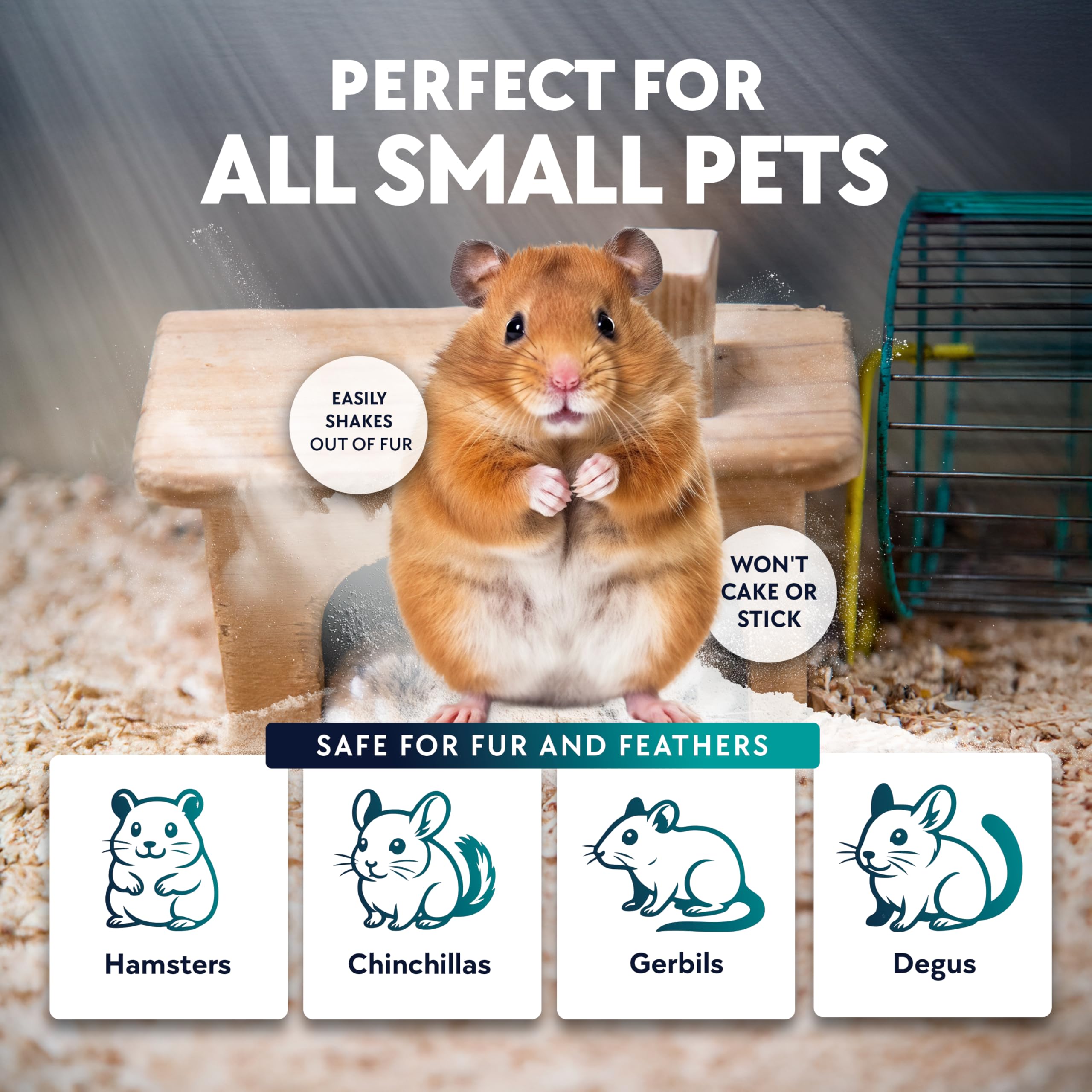 Chinchilla Dust Bath House Hamster Bathtub Sand Bath Box - Plastic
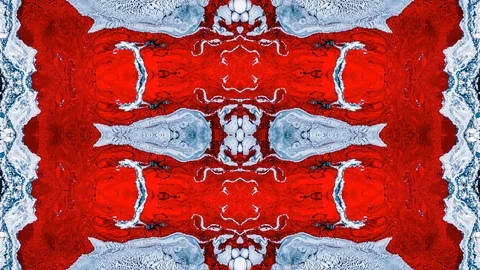 Poly Art Kaleidoscope Hypnotic Pattern Animation Footage Stock Footage 126689509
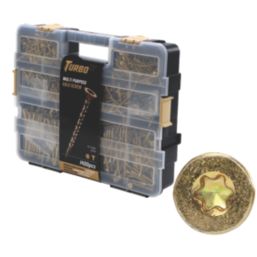 Turbo TX  TX Double-Countersunk Multipurpose Screw Trade Case 1400 Pack
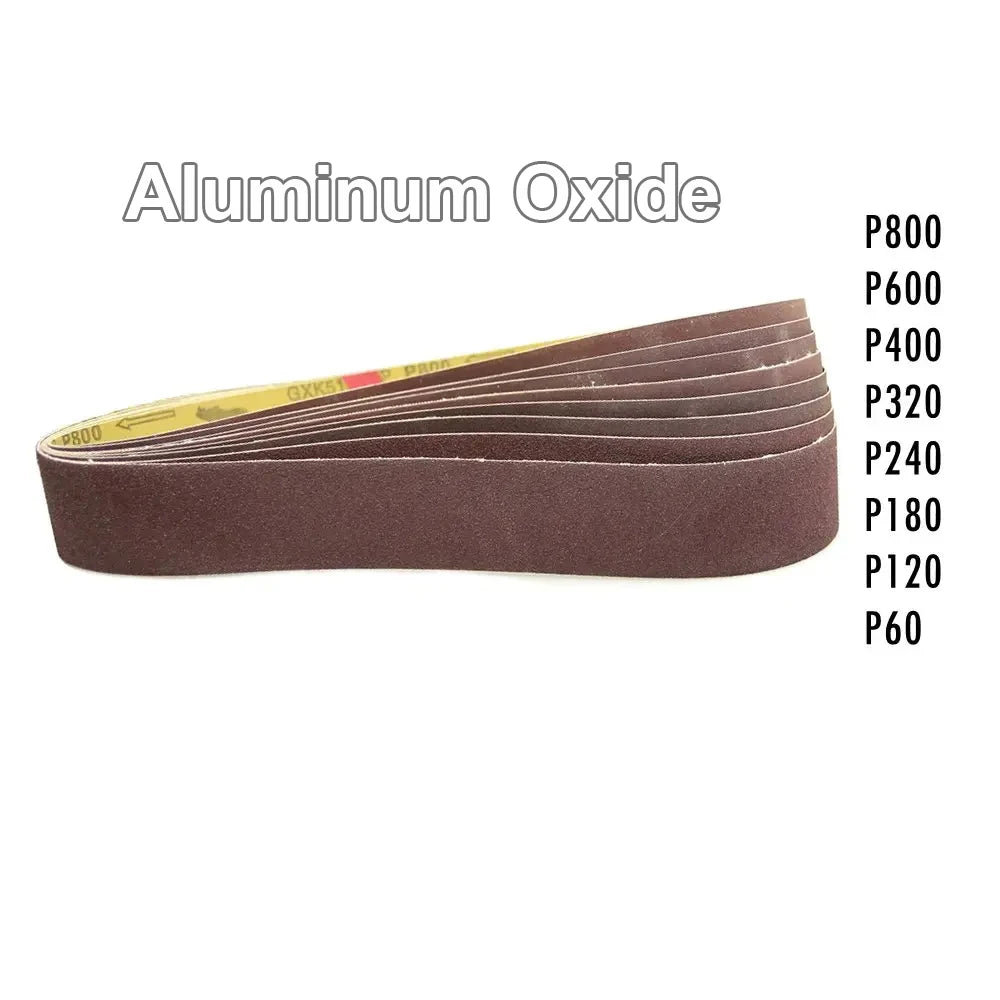 10-Pack 2"x36" Abrasive Sanding Belts – Wood & Metal Grinding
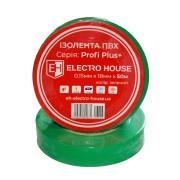 Ізолента Electro House 50 м ПВХ зелений EH-AHT-1839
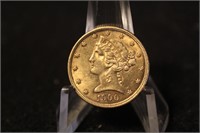 1900 $5 Liberty Head Pre-33 Gold Coin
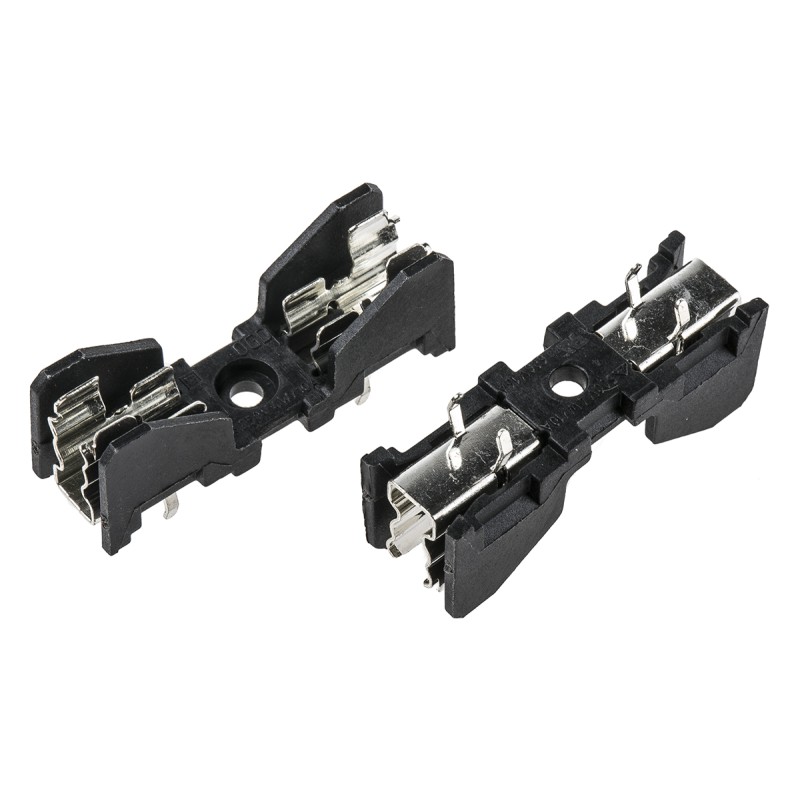 10 pcs - Schurter 10A PCB Mount Fuse Holder for 5 x 20 mm, 6.3 x 32 mm Fuse, 500V ac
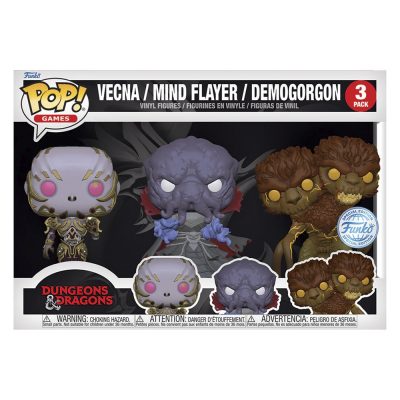 Funko Pop Games - Vecna / Mind Flayer / Demogorgon (3-Pack)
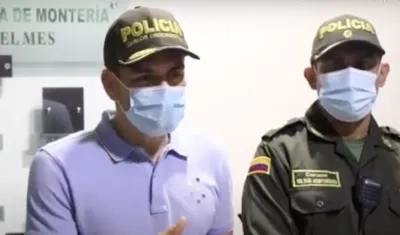 El Alcalde de Montería, Carlos Ordosgoitia.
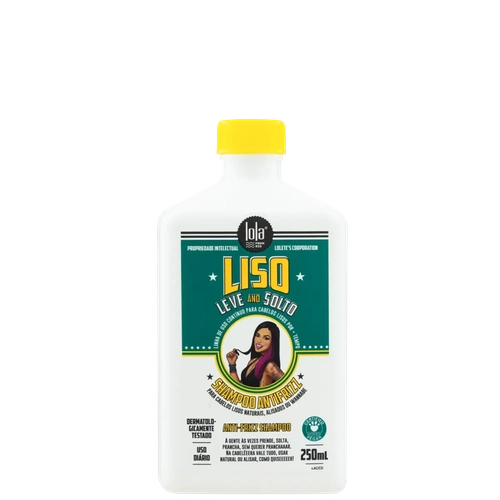 Liso, Leve e Solto Lola - Shampoo Antifrizz 250ml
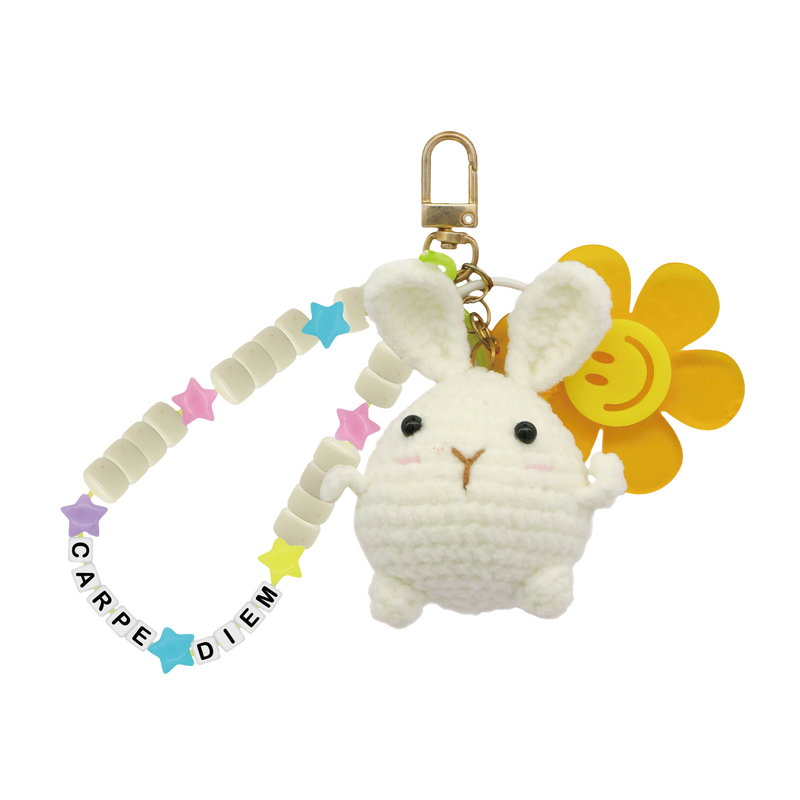 LITTLE BUNNY KEYCHAIN DIY CROCHET KIT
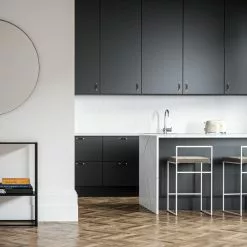 Department Barhocker Mit Rückenlehne 80 Cm, Weiß / Taupe Samt -Cozy Living department barhocker niedrig hoch ruckenlehne 151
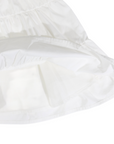 Tiered Cotton Lawn Dress White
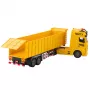 LEAN TOYS Transport Truck with Liftable Trailer, Lights and Sounds, Yellow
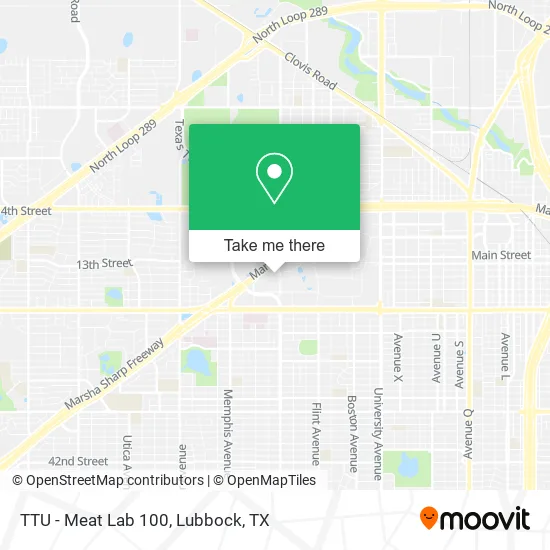 Mapa de TTU - Meat Lab 100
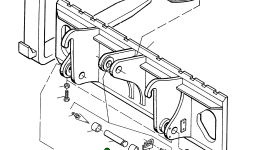 Палец 4227347M1 Komatsu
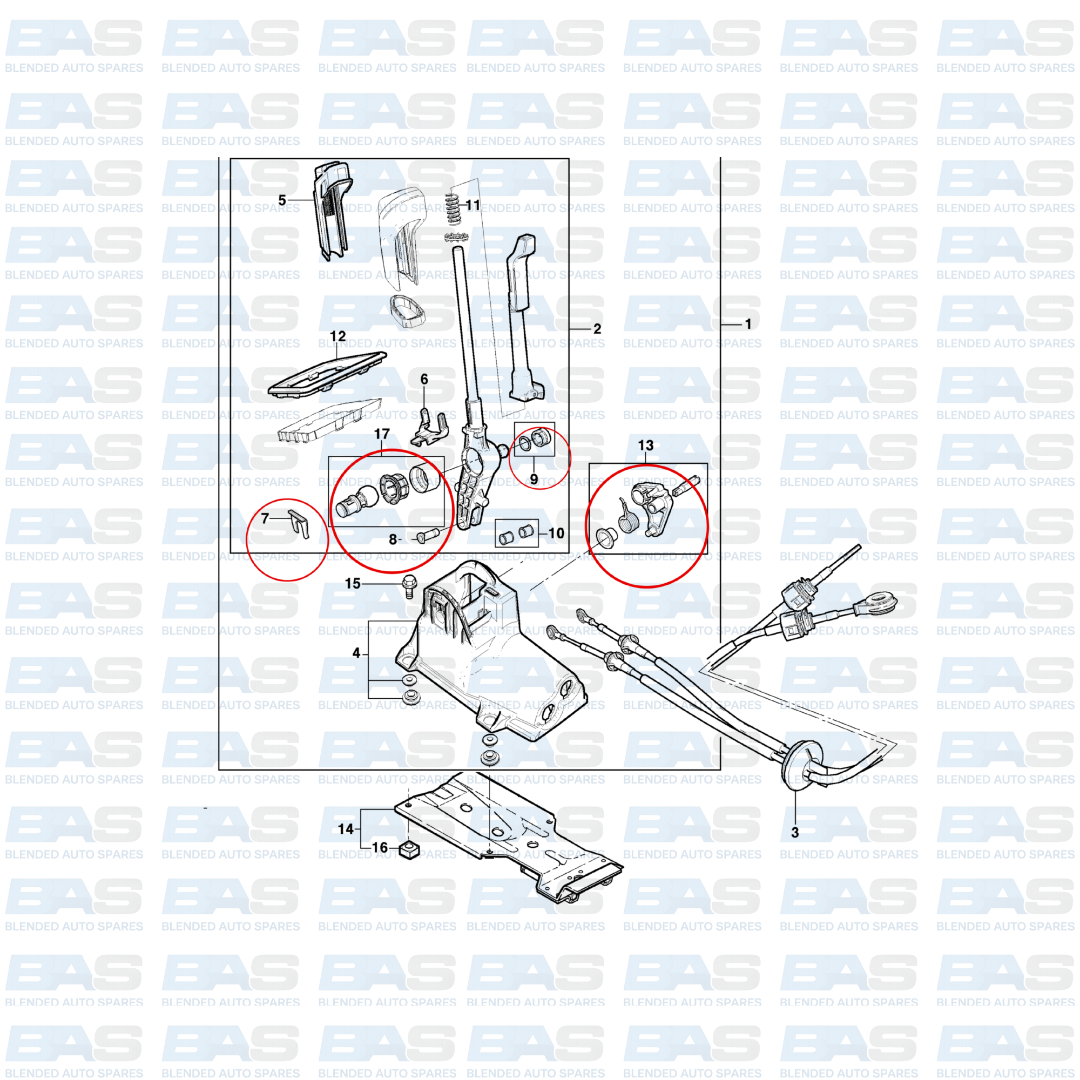 Chevrolet Utility gearlever bush kit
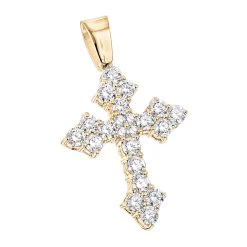 14K White Gold Women's Diamond Cross Pendant 2.12ct 9 14K White Gold Women's Diamond Cross Pendant 2.12ct -Fashion Accessories Shop 14k gold womens diamond cross pendant 212ct p 6572 ye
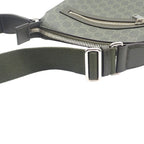 Gucci Small Messenger Bag GG Supreme Canvas Khaki Silver — view 8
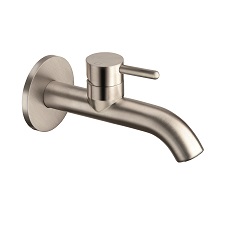 MITIGEUR IX INOX 316 LAVABO MURAL COMPLET REGULAR AVEC VIDAGE UP&DOWN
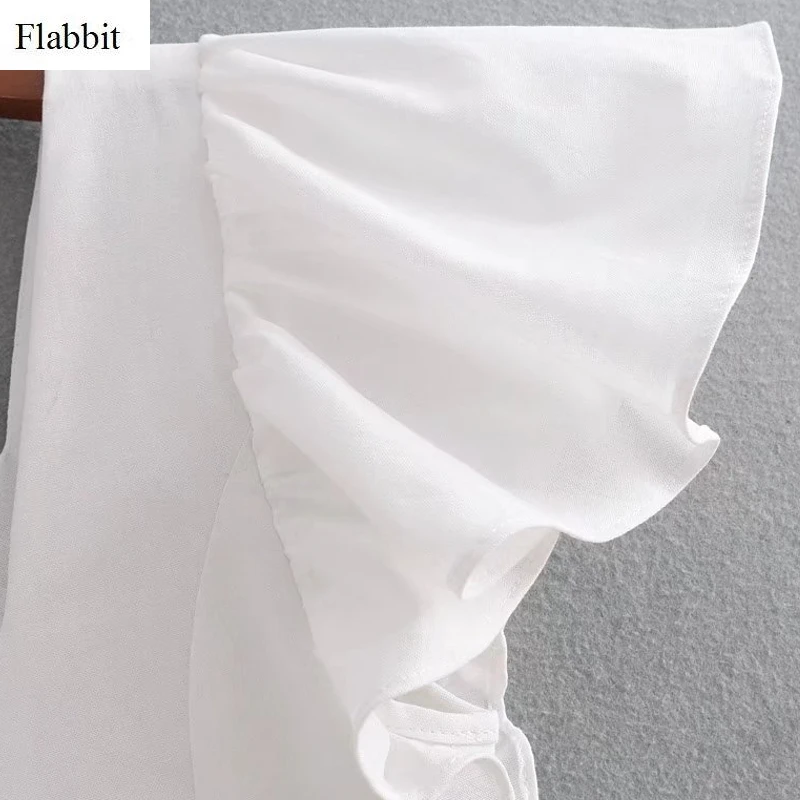 Flabbit Женская модная рубашка с рукавом-бабочкой Офисная женская блуза квадратным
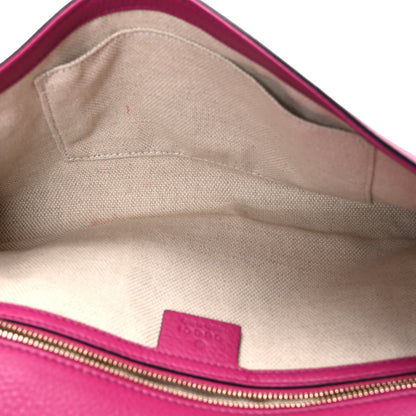 Gucci Pebbled Calfskin Medium Soho Clutch Bright Bouganville 5 of 7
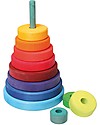 Grimm's Wooden Stacking Toy Large Conical Tower - Includes 11 colourful rings! Wooden Stacking Toys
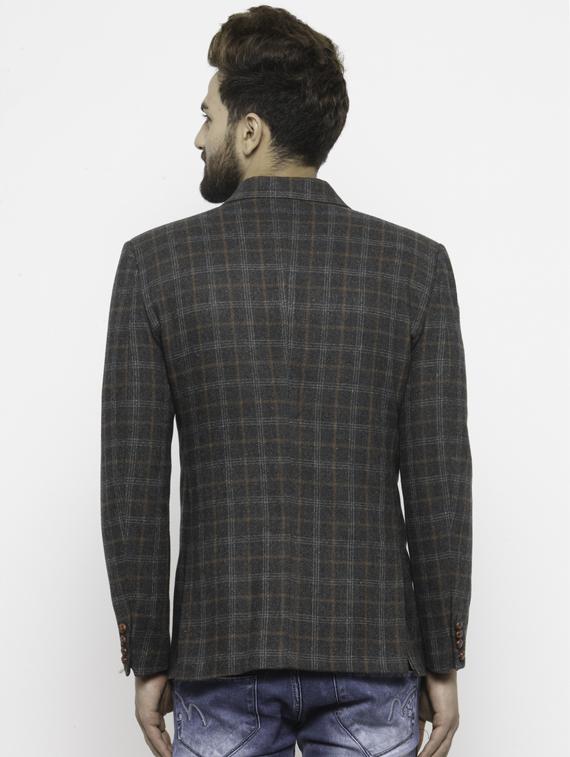 black wool & polyester blend casual blazer - 14484849 - Zoom Image - 3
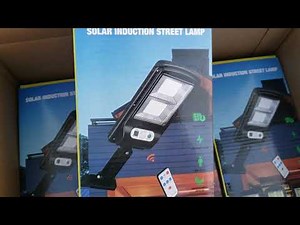 Cheap But Effective 6000 Lumens Solar Street Lights #solar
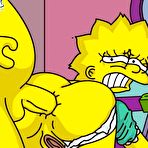 Third pic of Simpsons - Bart fucks Lisa in her room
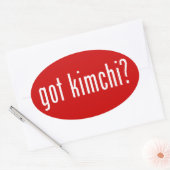 Sticker Ovale Kimchi ? (Enveloppe)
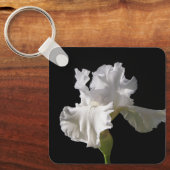 Blumen | White Iris Schlüsselanhänger (Vorderseite)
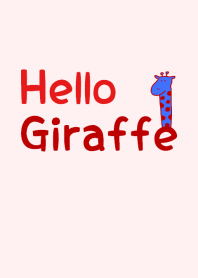 Hello Giraffe red 9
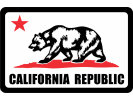 California State Flag (Color) - Tow Hitch Cover (wbr)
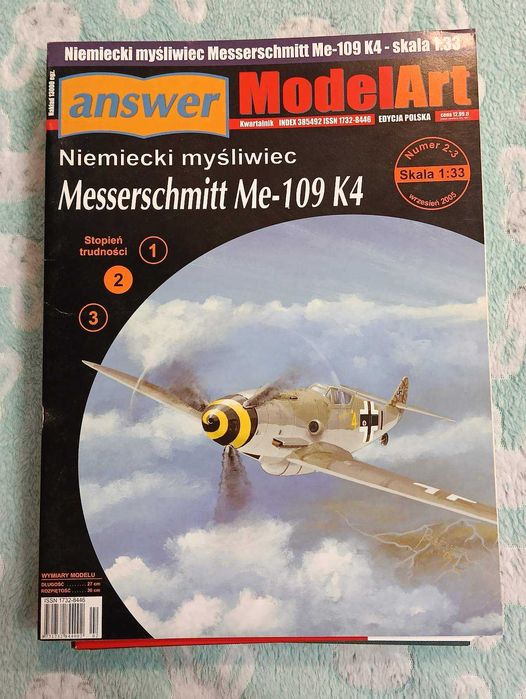 Messerschmitt Me-109 K4 1:33  ModelART 2-3 2005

-=-=-=-=-

Will you restate every entry word for word and omit the images?

 Chinchilla Dust Bath House Hamster Bathtub Sand Bath Box - Plastic
 Poly Art Kaleidoscope Hypnotic Pattern Animation Footage Stock Footage 126689509
 Turbo TX  TX Double-Countersunk Multipurpose Screw Trade Case 1400 Pack
 10-Pack 2"x36" Abrasive Sanding Belts – Wood & Metal Grinding
 Ізолента Electro House 50 м ПВХ зелений EH-AHT-1839
 1900 $5 Liberty Head Pre-33 Gold Coin
 10 pcs - Schurter 10A PCB Mount Fuse Holder for 5 x 20 mm, 6.3 x 32 mm Fuse, 500V ac
 Funko Pop Games - Vecna / Mind Flayer / Demogorgon (3-Pack)
 El Alcalde de Montería, Carlos Ordosgoitia.
 Liso, Leve e Solto Lola - Shampoo Antifrizz 250ml
 LITTLE BUNNY KEYCHAIN DIY CROCHET KIT
 Department Barhocker Mit Rückenlehne 80 Cm, Weiß / Taupe Samt -Cozy Living department barhocker niedrig hoch ruckenlehne 151
 Tiered Cotton Lawn Dress White
 LEAN TOYS Transport Truck with Liftable Trailer, Lights and Sounds, Yellow
 Mapa de TTU - Meat Lab 100
 Палец 4227347M1 Komatsu
 Chevrolet Utility gearlever bush kit
 14K White Gold Women's Diamond Cross Pendant 2.12ct 9 14K White Gold Women's Diamond Cross Pendant 2.12ct -Fashion Accessories Shop 14k gold womens diamond cross pendant 212ct p 6572 ye
 Gucci Small Messenger Bag GG Supreme Canvas Khaki Silver — view 8
 MITIGEUR IX INOX 316 LAVABO MURAL COMPLET REGULAR AVEC VIDAGE UP&DOWN
 Flabbit Женская модная рубашка с рукавом-бабочкой Офисная женская блуза квадратным
 Gucci Pebbled Calfskin Medium Soho Clutch Bright Bouganville 5 of 7
 Grimm's Wooden Stacking Toy Large Conical Tower - Includes 11 colourful rings! Wooden Stacking Toys
 black wool & polyester blend casual blazer - 14484849 - Zoom Image - 3
 Cheap But Effective 6000 Lumens Solar Street Lights #solar
 Third pic of Simpsons - Bart fucks Lisa in her room
 Sticker Ovale Kimchi ? (Enveloppe)
 Blumen | White Iris Schlüsselanhänger (Vorderseite)
 Hello Giraffe red 9
 California State Flag (Color) - Tow Hitch Cover (wbr)
 Messerschmitt Me-109 K4 1:33  ModelART 2-3 2005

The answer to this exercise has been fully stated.